Your answer must be the exact lines below, starting with the line with "Capital Cir SE" and going on through the line with "40 - Two Victorian", both included, with no pictures.

→ PROVIDED RECORDS:
--

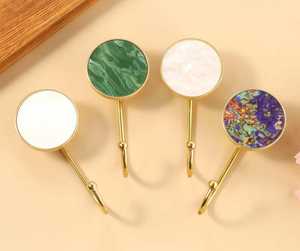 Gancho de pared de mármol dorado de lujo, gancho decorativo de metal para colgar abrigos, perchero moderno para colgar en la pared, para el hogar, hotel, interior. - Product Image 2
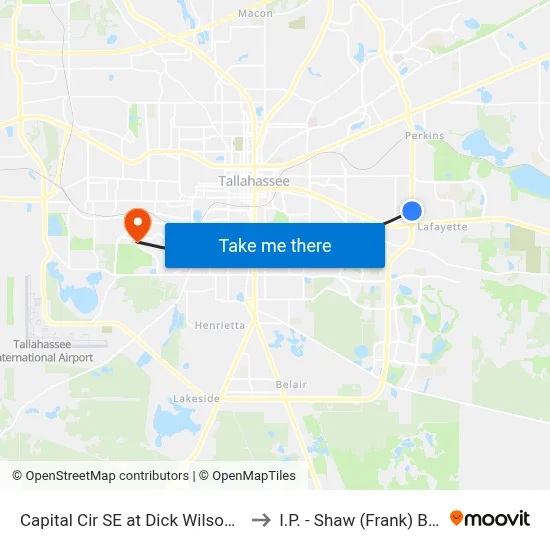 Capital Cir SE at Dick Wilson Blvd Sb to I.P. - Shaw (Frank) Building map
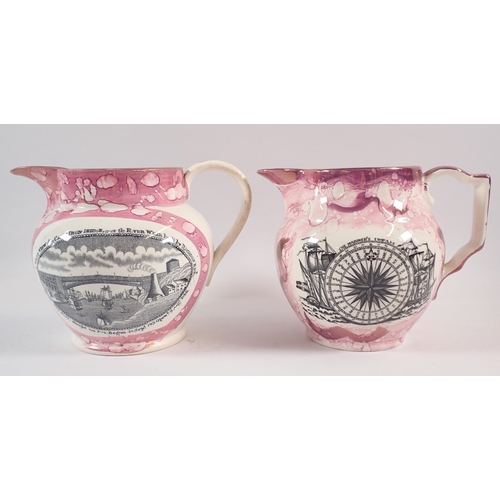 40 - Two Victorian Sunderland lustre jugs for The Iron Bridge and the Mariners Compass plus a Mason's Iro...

--

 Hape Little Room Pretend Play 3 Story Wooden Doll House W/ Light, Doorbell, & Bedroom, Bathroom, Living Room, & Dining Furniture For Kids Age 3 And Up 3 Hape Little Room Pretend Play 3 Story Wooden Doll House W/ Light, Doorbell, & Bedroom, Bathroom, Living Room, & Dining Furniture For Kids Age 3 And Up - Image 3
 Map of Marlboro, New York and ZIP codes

--

→ ANSWER:
 Capital Cir SE at Dick Wilson Blvd Sb to I.P. - Shaw (Frank) Building map
 40 - Two Victorian Sunderland lustre jugs for The Iron Bridge and the Mariners Compass plus a Mason's Iro...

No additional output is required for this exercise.